AutoML for forecasting with open-source time series implementations.

For other time series needs, check out the list [here](https://github.com/MaxBenChrist/awesome_time_series_in_python).

## Table of Contents
* [Features](https://github.com/winedarksea/AutoTS#features)
* [Installation](https://github.com/winedarksea/AutoTS#installation)
* [Basic Use](https://github.com/winedarksea/AutoTS#basic-use)
* [Tips for Speed and Large Data](https://github.com/winedarksea/AutoTS#tips-for-speed-and-large-data)
* Extended Tutorial [GitHub](https://github.com/winedarksea/AutoTS/blob/master/extended_tutorial.md) or [Docs](https://winedarksea.github.io/AutoTS/build/html/source/tutorial.html)
* [Production Example](https://github.com/winedarksea/AutoTS/blob/master/production_example.py)

## Features
* Finds optimal time series forecasting model and data transformations by genetic programming optimization
* Handles univariate and multivariate/parallel time series
* Point and probabilistic upper/lower bound forecasts for all models
* Over twenty available model classes, with tens of thousands of possible hyperparameter configurations
	* Includes naive, statistical, machine learning, and deep learning models
	* Multiprocessing for univariate models for scalability on multivariate datasets
	* Ability to add external regressors
* Over thirty time series specific data transformations
	* Ability to handle messy data by learning optimal NaN imputation and outlier removal
* Allows automatic ensembling of best models
	* 'horizontal' ensembling on multivariate series - learning the best model for each series
* Multiple cross validation options
	* 'seasonal' validation allows forecasts to be optimized for the seasonity of the data
* Subsetting and weighting to improve speed and relevance of search on large datasets
	* 'constraint' parameter can be used to assure forecasts don't drift beyond historic boundaries
* Option to use one or a combination of metrics for model selection
* Import and export of model templates for deployment and greater user customization

## Installation
```
pip install autots
```
This includes dependencies for basic models, but [additonal packages](https://github.com/winedarksea/AutoTS/blob/master/extended_tutorial.md#installation-and-dependency-versioning) are required for some models and methods.

## Basic Use

Input data is expected to come in either a *long* or a *wide* format:

- The *wide* format is a `pandas.DataFrame` with a `pandas.DatetimeIndex` and each column a distinct series. 
- The *long* format has three columns: 
  - Date (ideally already in pd.DateTime format)
  - Series ID. For a single time series, series_id can be `= None`.
  - Value
- For *long* data, the column name for each of these is passed to .fit() as `date_col`, `id_col`, and `value_col`. No parameters are needed for *wide* data.

```python
# also load: _hourly, _monthly, _weekly, _yearly, or _live_daily
from autots import AutoTS, load_daily

# sample datasets can be used in either of the long or wide import shapes
long = False
df = load_daily(long=long)

model = AutoTS(
    forecast_length=21,
    frequency='infer',
    prediction_interval=0.9,
    ensemble=None,
    model_list="default",
    transformer_list="fast",
    drop_most_recent=1,
    max_generations=4,
    num_validations=2,
    validation_method="backwards"
)
model = model.fit(
    df,
    date_col='datetime' if long else None,
    value_col='value' if long else None,
    id_col='series_id' if long else None,
)

prediction = model.predict()
# plot a sample
prediction.plot(model.df_wide_numeric,
                series=model.df_wide_numeric.columns[0],
                start_date="2019-01-01")
# Print the details of the best model
print(model)

# point forecasts dataframe
forecasts_df = prediction.forecast
# upper and lower forecasts
forecasts_up, forecasts_low = prediction.upper_forecast, prediction.lower_forecast

# accuracy of all tried model results
model_results = model.results()
# and aggregated from cross validation
validation_results = model.results("validation")
```

The lower-level API, in particular the large section of time series transformers in the scikit-learn style, can also be utilized independently from the AutoML framework.

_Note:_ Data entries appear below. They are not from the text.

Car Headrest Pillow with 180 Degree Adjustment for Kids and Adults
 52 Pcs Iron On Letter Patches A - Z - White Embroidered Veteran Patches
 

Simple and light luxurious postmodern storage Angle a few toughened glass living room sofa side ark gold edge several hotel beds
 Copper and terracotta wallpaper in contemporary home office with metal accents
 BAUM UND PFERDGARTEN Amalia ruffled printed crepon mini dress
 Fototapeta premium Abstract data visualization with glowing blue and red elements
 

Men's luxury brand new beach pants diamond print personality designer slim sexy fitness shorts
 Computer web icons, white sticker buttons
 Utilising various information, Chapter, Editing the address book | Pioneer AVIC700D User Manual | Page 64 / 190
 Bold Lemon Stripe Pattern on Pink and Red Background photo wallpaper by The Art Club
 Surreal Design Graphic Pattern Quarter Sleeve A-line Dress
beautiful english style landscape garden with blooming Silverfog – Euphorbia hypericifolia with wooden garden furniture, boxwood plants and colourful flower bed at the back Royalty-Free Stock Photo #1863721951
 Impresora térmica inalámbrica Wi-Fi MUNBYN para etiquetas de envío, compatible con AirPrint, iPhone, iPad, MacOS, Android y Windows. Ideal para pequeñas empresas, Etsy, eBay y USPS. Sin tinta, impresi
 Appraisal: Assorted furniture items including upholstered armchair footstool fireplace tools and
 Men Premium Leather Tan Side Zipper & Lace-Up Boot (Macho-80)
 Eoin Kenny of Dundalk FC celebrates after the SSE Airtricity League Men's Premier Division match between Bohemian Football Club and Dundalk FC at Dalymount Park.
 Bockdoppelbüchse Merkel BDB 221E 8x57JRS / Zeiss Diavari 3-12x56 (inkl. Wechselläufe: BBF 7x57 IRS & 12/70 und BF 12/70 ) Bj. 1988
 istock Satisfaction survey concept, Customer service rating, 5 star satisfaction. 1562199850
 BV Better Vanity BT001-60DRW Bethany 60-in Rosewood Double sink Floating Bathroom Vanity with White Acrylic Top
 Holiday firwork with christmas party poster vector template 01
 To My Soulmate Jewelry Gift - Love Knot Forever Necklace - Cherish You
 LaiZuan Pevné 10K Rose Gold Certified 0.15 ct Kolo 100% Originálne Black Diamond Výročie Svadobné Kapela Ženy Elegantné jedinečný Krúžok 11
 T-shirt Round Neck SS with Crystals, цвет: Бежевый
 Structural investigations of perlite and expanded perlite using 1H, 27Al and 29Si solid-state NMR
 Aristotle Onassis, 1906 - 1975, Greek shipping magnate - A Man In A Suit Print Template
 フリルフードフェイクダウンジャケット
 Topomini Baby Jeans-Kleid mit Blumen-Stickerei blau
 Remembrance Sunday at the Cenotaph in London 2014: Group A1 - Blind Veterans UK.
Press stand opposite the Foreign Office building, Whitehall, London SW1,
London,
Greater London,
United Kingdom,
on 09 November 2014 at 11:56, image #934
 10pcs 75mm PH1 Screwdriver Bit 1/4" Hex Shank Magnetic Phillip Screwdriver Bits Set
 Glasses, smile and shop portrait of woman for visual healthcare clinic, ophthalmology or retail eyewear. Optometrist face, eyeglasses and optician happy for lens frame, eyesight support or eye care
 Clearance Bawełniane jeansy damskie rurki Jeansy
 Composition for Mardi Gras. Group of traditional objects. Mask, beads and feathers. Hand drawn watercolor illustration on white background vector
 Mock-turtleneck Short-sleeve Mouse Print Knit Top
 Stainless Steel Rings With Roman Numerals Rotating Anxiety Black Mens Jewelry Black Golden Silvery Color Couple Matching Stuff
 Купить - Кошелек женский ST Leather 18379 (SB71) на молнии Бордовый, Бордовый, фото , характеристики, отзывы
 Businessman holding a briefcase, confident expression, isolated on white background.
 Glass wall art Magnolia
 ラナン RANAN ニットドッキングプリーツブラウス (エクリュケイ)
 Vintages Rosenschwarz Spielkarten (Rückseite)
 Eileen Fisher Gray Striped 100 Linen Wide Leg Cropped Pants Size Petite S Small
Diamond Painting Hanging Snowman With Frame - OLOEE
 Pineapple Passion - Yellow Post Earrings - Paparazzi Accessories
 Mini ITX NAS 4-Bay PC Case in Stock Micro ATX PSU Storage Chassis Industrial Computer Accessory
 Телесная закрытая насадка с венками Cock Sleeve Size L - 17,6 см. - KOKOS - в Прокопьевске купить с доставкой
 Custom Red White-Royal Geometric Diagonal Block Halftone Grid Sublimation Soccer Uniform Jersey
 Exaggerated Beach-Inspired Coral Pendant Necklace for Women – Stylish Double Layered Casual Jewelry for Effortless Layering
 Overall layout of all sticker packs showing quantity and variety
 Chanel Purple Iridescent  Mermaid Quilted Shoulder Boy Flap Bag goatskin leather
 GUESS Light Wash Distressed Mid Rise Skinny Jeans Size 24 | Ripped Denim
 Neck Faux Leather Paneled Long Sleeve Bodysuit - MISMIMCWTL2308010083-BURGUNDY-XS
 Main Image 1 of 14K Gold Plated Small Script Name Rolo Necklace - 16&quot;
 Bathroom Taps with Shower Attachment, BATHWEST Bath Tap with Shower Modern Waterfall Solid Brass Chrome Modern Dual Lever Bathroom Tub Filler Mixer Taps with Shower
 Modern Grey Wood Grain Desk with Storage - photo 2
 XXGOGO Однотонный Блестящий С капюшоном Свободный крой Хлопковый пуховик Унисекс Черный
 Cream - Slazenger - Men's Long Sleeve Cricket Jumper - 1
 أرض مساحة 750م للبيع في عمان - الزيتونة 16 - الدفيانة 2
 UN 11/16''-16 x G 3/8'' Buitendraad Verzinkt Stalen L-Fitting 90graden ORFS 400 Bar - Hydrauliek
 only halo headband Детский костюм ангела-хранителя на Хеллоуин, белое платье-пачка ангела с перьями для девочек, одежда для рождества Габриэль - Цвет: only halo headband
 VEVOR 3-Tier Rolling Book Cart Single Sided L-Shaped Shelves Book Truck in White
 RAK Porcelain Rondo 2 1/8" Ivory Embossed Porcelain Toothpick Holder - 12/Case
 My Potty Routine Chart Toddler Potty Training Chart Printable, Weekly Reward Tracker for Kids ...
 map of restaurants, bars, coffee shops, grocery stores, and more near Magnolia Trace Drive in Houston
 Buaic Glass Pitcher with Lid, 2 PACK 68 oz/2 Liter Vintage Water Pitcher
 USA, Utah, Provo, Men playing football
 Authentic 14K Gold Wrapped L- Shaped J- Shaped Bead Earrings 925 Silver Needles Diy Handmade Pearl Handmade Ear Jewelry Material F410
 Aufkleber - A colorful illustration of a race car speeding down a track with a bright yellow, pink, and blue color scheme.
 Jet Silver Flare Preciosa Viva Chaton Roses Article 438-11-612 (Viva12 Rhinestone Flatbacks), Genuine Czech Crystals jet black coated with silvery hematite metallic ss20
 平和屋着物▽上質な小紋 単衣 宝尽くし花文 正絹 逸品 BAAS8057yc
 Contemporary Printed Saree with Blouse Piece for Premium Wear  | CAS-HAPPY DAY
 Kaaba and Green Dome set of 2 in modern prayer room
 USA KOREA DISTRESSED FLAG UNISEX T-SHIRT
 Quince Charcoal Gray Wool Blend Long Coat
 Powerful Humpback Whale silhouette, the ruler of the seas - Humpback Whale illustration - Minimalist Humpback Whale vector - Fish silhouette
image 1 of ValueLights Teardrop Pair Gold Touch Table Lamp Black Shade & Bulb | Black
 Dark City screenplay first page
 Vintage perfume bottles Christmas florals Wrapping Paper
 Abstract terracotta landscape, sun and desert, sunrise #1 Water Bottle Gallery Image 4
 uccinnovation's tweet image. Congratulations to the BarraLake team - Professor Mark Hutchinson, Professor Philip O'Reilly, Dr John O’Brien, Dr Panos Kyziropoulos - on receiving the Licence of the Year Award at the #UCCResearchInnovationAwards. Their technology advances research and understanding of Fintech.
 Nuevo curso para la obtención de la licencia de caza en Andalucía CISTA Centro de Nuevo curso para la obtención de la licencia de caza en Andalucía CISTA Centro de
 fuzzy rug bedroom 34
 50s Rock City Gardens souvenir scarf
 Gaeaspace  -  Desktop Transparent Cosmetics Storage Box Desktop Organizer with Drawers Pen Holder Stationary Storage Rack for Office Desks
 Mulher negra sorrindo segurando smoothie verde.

Check out [extended_tutorial.md](https://winedarksea.github.io/AutoTS/build/html/source/tutorial.html) for a more detailed guide to features!

Also take a look at the [production_example.py](https://github.com/winedarksea/AutoTS/blob/master/production_example.py)


## Tips for Speed and Large Data:
* Use appropriate model lists, especially the predefined lists:
	* `superfast` (simple naive models) and `fast` (more complex but still faster models)
	* `fast_parallel` (a combination of `fast` and `parallel`) or `parallel`, given many CPU cores are available
		* `n_jobs` usually gets pretty close with `='auto'` but adjust as necessary for the environment
	* see a dict of predefined lists (some defined for internal use) with `from autots.models.model_list import model_lists`
* Use the `subset` parameter when there are many similar series, `subset=100` will often generalize well for tens of thousands of similar series.
	* if using `subset`, passing `weights` for series will weight subset selection towards higher priority series.
	* if limited by RAM, it can be easily distributed by running multiple instances of AutoTS on different batches of data, having first imported a template pretrained as a starting point for all.
* Set `model_interrupt=True` which passes over the current model when a `KeyboardInterrupt` ie `crtl+c` is pressed (although if the interrupt falls between generations it will stop the entire training).
* Use the `result_file` method of `.fit()` which will save progress after each generation - helpful to save progress if a long training is being done. Use `import_results` to recover.
* While Transformations are pretty fast, setting `transformer_max_depth` to a lower number (say, 2) will increase speed. Also utilize `transformer_list`.
* Check out [this example](https://github.com/winedarksea/AutoTS/discussions/76) of using AutoTS with pandas UDF.
* Ensembles are obviously slower to predict because they run many models, 'distance' models 2x slower, and 'simple' models 3x-5x slower.
	* `ensemble='horizontal-max'` with `model_list='no_shared_fast'` can scale relatively well given many cpu cores because each model is only run on the series it is needed for.
* Reducing `num_validations` and `models_to_validate` will decrease runtime but may lead to poorer model selections.
* For datasets with many records, upsampling (for example, from daily to monthly frequency forecasts) can reduce training time if appropriate.
	* this can be done by adjusting `frequency` and `aggfunc` but is probably best done before passing data into AutoTS.


## How to Contribute:
* Give feedback on where you find the documentation confusing
* Use AutoTS and...
	* Report errors and request features by adding Issues on GitHub
	* Posting the top model templates for your data (to help improve the starting templates)
	* Feel free to recommend different search grid parameters for your favorite models
* And, of course, contributing to the codebase directly on GitHub!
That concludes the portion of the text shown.